La noche en que Hanif se arrodilló para pedirle permiso de casarse con otra mujer, Hanum no lloró, no gritó, no suplicó. Sonrió. Y mientras su esposo celebraba lo que creyó ser una victoria fácil, ella ya estaba diseñando, pieza por pieza, la ruina más elegante que él jamás podría imaginar.
Armada con un abogado implacable y un acuerdo postnupcial que Hanif firmó sin leer, Hanum desata una venganza financiera y legal que lo despoja de todo: la casa, el auto, el puesto en la empresa, la dignidad. Pero destruir a un traidor resulta ser la parte sencilla. Lo difícil es lo que viene después.
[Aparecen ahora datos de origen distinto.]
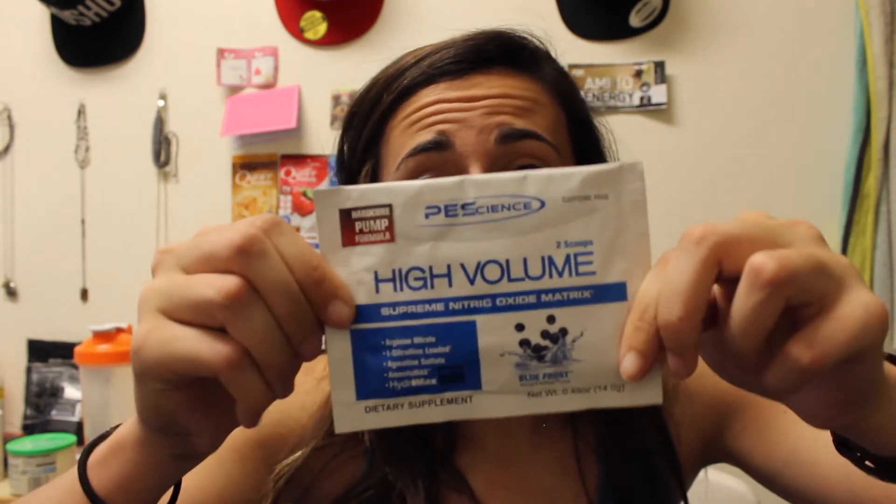I'm pretty excited to try it. It's caffeine-free, so today I'll also mix in my Alpha Amino X because it has amino acids and a bit of caffeine, which will give me a little extra boost. I was planning on drinking my BCAAs anyway, so it's like the perfect stack. Let's get to mixing this.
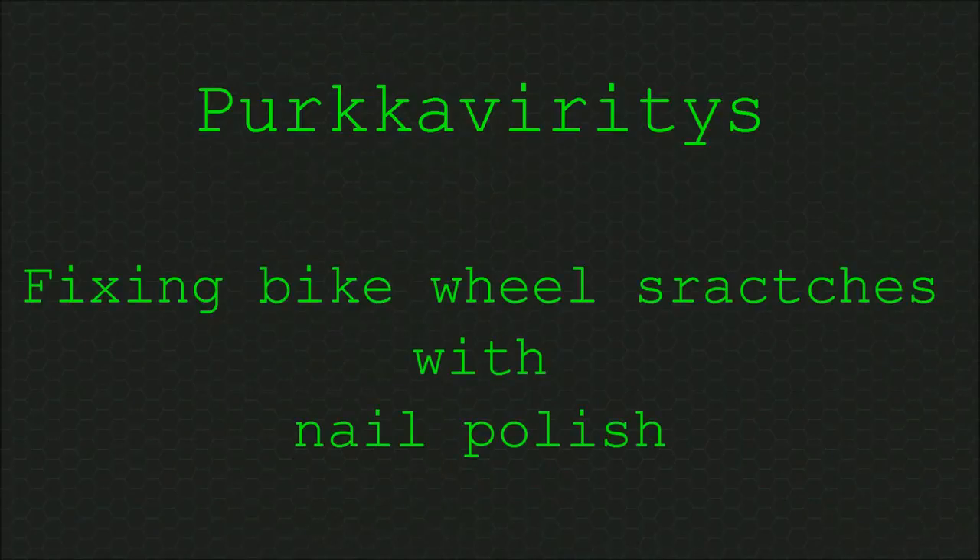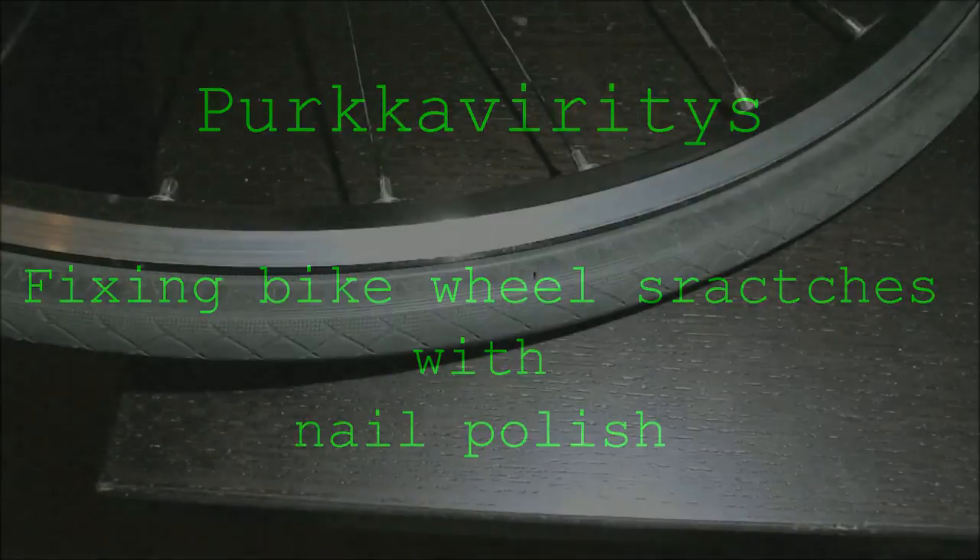Fixing bike wheel scratches with nail polish. In this picture we can see that there are a couple of scratches in the outer rim of my bike wheel that I got from a flat tire.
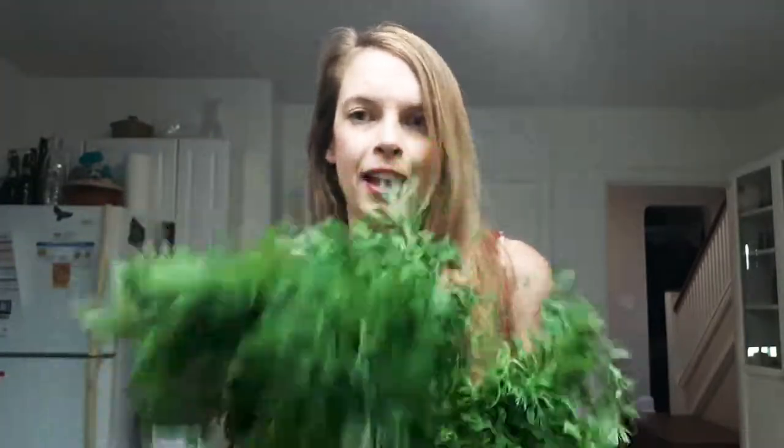A lot of us get our lovely carrots, our organic carrots, and we just rip off the tops and toss them out, put them in the compost. But these are a highly edible part of the carrot and in the old days people used to commonly eat carrot tops. No part of the vegetable was really wasted, and it's really good not to waste these because they are full of various nutrients.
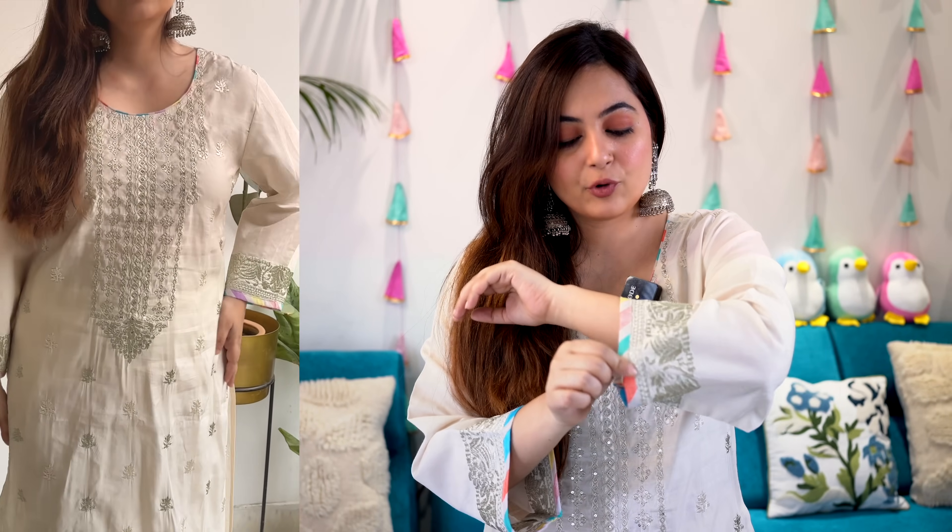This skirt is calf length on me. My height is 5'2", and I would say it's a longer, straight fit. The sleeves are full sleeves with proper embroidery work detailing in multiple colors. The bottom is pretty straight and simple.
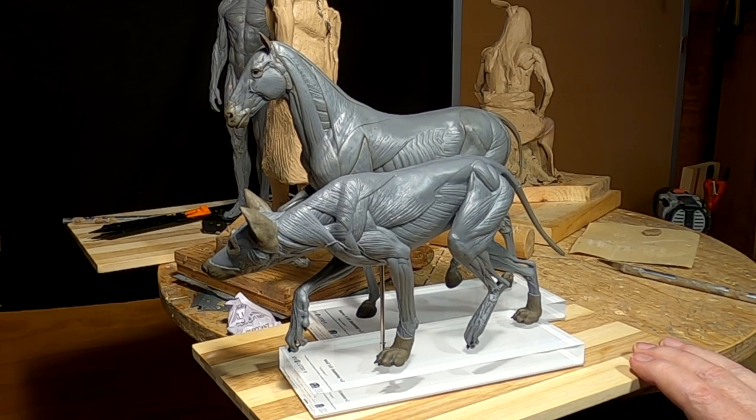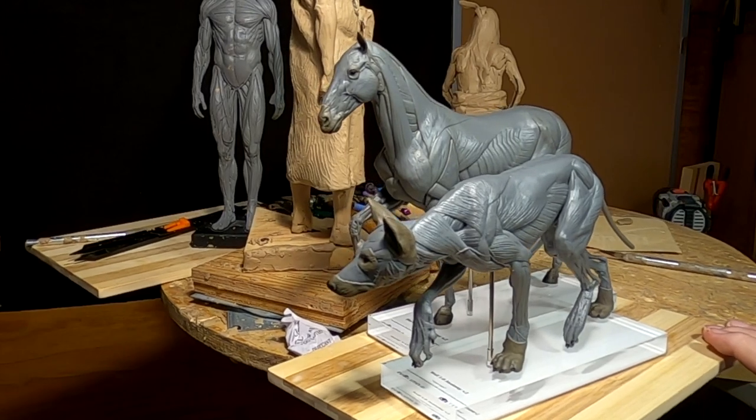I'm going to be doing a box opening today for two new maquettes that I just received in the mail today — a wolf and a horse.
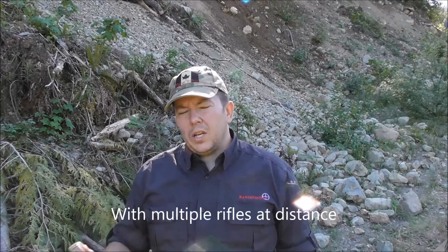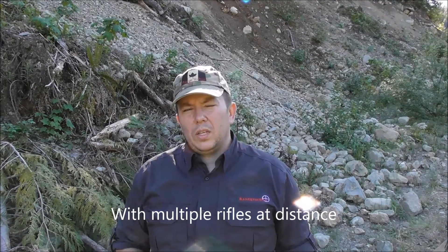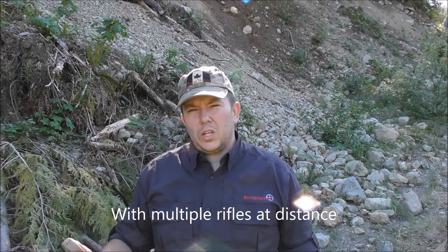So I go out with this unit, and in a matter of an hour I can get a few guns zeroed in and I'm off to the races. I've gone and verified this, and it is right on when you set your adjusted zero in.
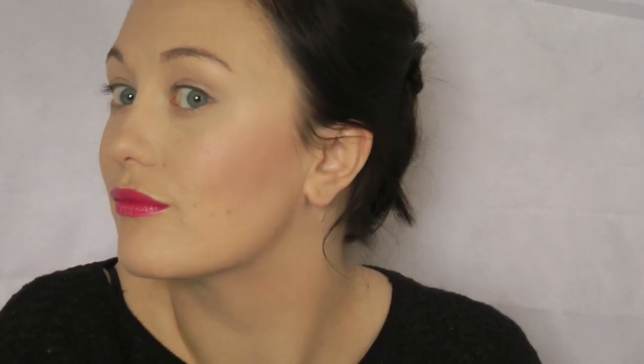Now you want to take your lightest shade and sweep it up the cheekbones. This blush is going to act as a highlight as well. Make sure you pick a light blush that does actually have a sheen to it. And it should look a little something like this when you're finished.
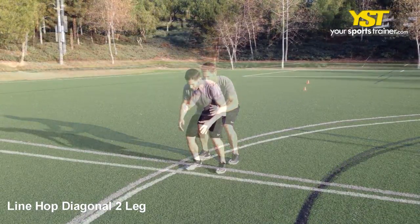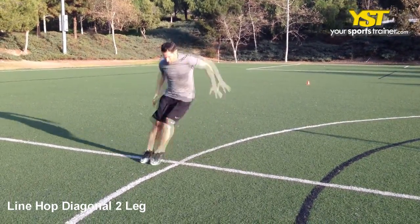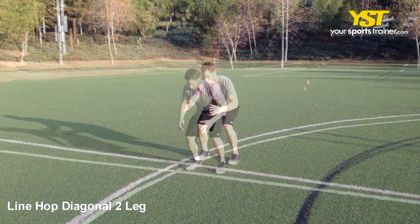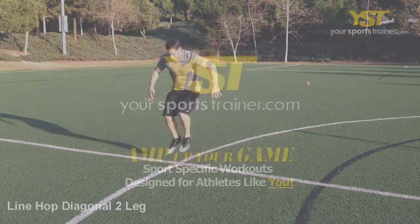Line up facing a line on the ground standing in a parallel stance. Hop over the line in a diagonal direction. Upon landing, reverse the hop diagonally to return to the starting point. Repeat the exercise in a quick manner.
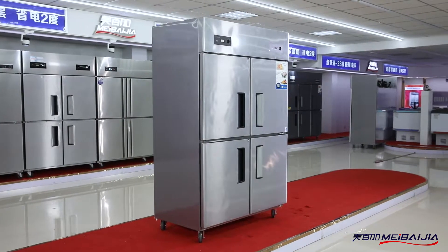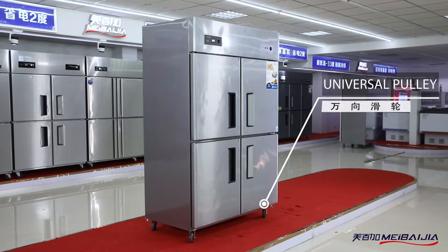Product introduction: kitchen equipment BCD876SD. This cabinet uses S.U.S. housing and liner with a thick integral foaming layer.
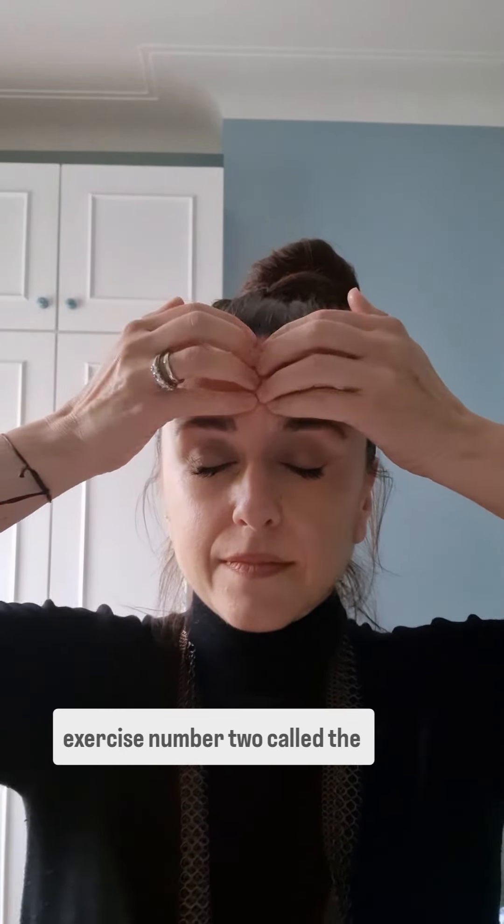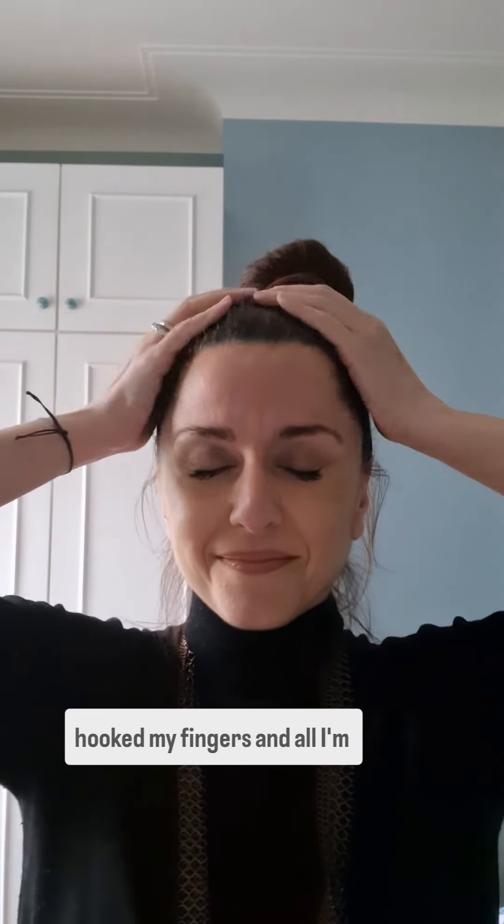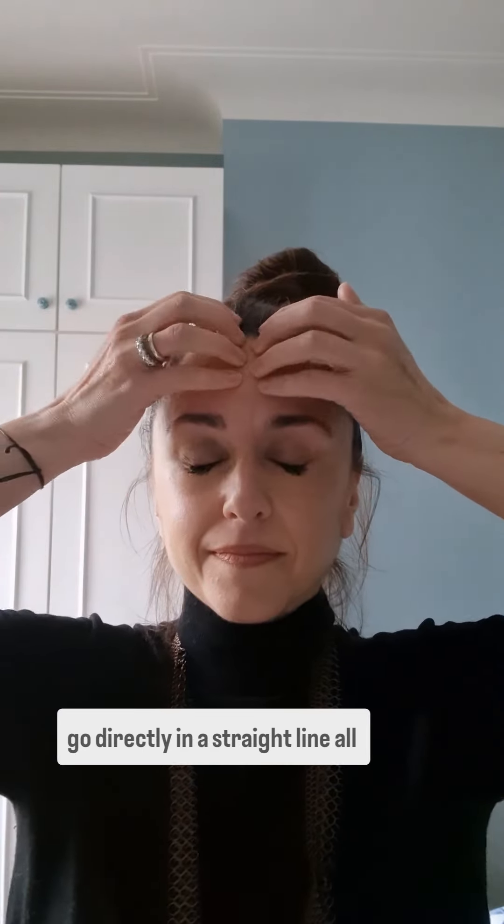Now we go on to exercise number two called the Crown Pull. As you can see, I've hooked my fingers, and all I'm doing is going up from between the eyes, all around the skull, creating space on our head — starting between the eyes and going directly in a straight line all around.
Tian Mahardika —hermanastro de Hanif, heredero del imperio familiar y el hombre más frío e intimidante que Hanum haya conocido— aparece como un muro de hielo inamovible entre ella y cualquier amenaza. Detrás de su fachada de CEO implacable que habla con jerga corporativa hasta para pedir el desayuno, se esconde un secreto que lleva más de una década consumiéndolo por dentro.
Entre batallas legales, intrigas familiares y un romance que se cocina a fuego tan lento que amenaza con incendiar todo a su paso, Hanum descubrirá que la verdadera venganza no es destruir al hombre equivocado... sino atreverse a amar al correcto.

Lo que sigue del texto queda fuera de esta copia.